When asked about the usefulness of the NYSC scheme in the lives of youths in the country, they stated that its service could not be overemphasized.
“During the NYSC programmes, my husband was a beneficiary of the Skills and Entrepreneurship Development programmes. Today is an employer of labour, and we have been living our lives in peace. Even though I wasn’t keen on any of the programmes, I later realized that I missed an opportunity, but thank God my husband took it”
In Lagos state, the NYSC orientation camp in Iyana Ipaja was a beehive of activities. Corp members were actively engaged in camp activities. A visit around the camp facilities revealed a facility that is in top shape to accommodate Corp members. Those interviewed spoke in glowing terms about their experiences in the camp.
Richard from Akwa Ibom state stated that after his NYSC programme, he intends to settle down in Lagos to pursue a career. “I believe Lagos is the place for me, given the avalanche of opportunities. I have also indicated interest to partake in the various skill acquisition programmes introduced by the NYSC.
In an interaction with the Lagos State coordinator of the NYSC, Mr Cyril Akhanemhe, he stated that the Lagos state government had indicated interest to equip the NYSC orientation camp further to accommodate more corp members.
“As you can see, the facilities in the camp are in good shape, and that is not to say that we would not strive to improve on them.

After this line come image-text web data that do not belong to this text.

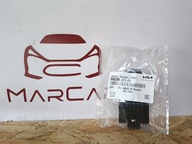 KIA X-CEED ŚLIZG MOCOWANIE ZDERZAKA PRAWY TYŁ 86636-J7CA0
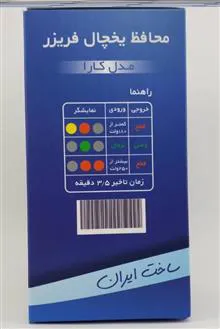 محافظ
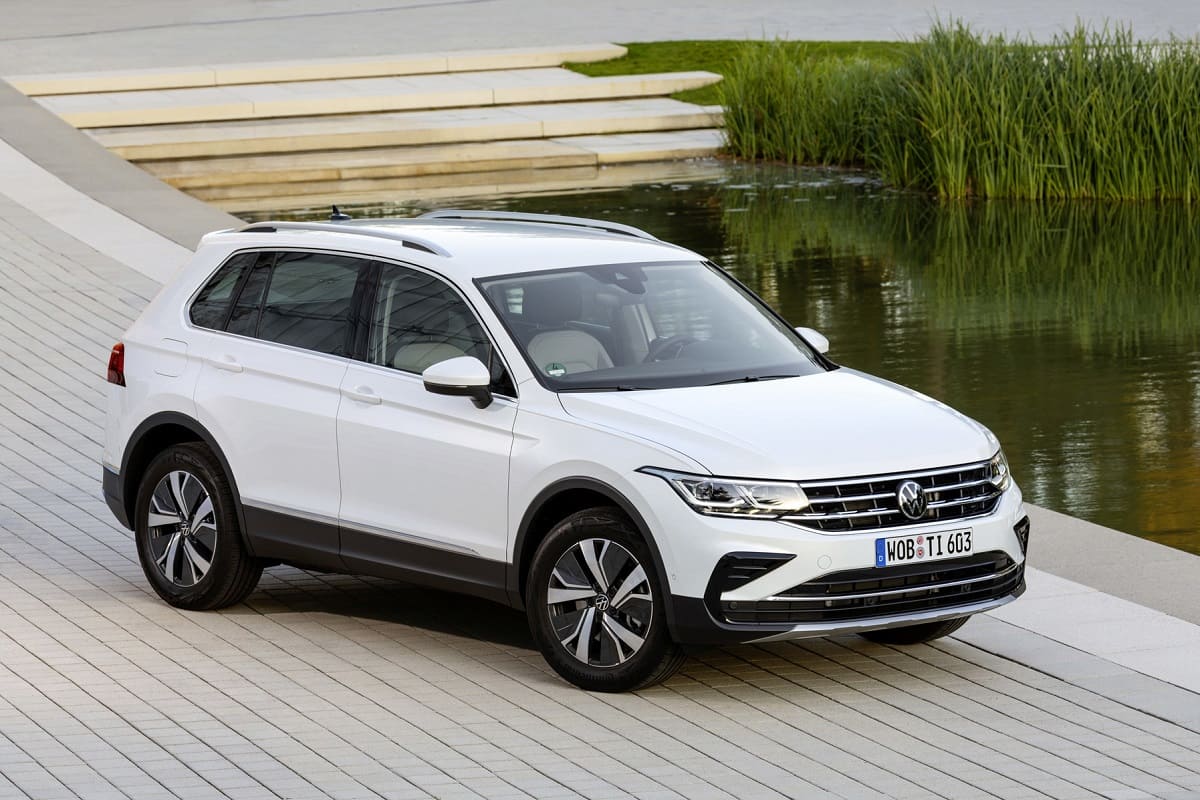 vw-tiguan-ehybrid-2020-aussen-frontal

As you may know, the traffic to Lagos state is high. As such, we have been proactive in engaging the Lagos state government concerning facilities upgrade. The response has been positive so far.

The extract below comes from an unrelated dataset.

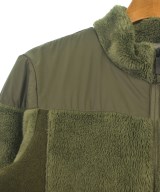 Highland Park（ハイランドパーク）その他 カーキ サイズ:L メンズ/2200620963299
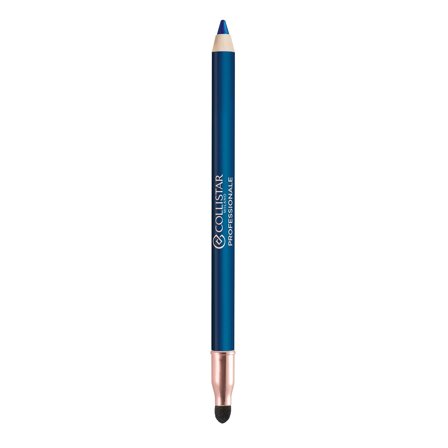 Collistar Professionale Matita Occhi 16 Blu Shangai 1.2ml - Matita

In Katsina State, our correspondent who visited the NYSC orientation camp interacted with scores of Corp members about their experiences so far. The consensus was that of a peaceful and exciting exercise. When asked about the security situation in the state, most of them stated that there was adequate security in camps and the corpers lodges around the state.

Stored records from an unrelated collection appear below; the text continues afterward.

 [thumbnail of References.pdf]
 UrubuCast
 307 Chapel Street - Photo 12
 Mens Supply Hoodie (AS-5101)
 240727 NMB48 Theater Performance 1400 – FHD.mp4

According to one of the heads of the security agencies in the state, who pleaded anonymity, he stated that the security of Corp members takes premium. Inactive collaboration with the NYSC secretariat, the state government ensures that corp members are not posted to areas of risk to their lives.
The story was not different at the NYSC orientation camp in Kano state. Our correspondent gathered that the camp is fitted with state-of-the-art facilities and Corp members spoke glowingly about the facilities in the camp.
According to Chinwe, a graduate of the University of Nigeria, when she was posted to Kano state, she almost passed out because of fear of the unknown and insecurity. “I felt sick when I saw my posting to Kano state. But I can tell you that the experience has been awesome. The facilities in camps are good, the food is very okay, and the social interactions have been awesome. It feels like home, but for the morning drills.”
Elisha Ambrose also corroborated Chinwe. He stated that the Kano NYSC orientation camp experience is pleasant. He would encourage prospective Corp members to lobby to be posted to Kano State. “The camp in Kano state is a place to be. The hostels are neat, and the food is also delicious.”
The same story resonates across Nasarawa, Plateau, Bauchi, Adamawa, Enugu, Anambra and Abuja, where corp members praised the state of the camps, but for a few instances where some corp members could not hide their dislike for the food.
In all, the verdict of this medium is that the state of the NYSC camps across the country is befitting. Kudos must be extended to the management of the NYSC for ensuring that the orientation camp exercise is eventful, as well as satisfying for all corp members regardless of what state they were posted to for their primary assignment.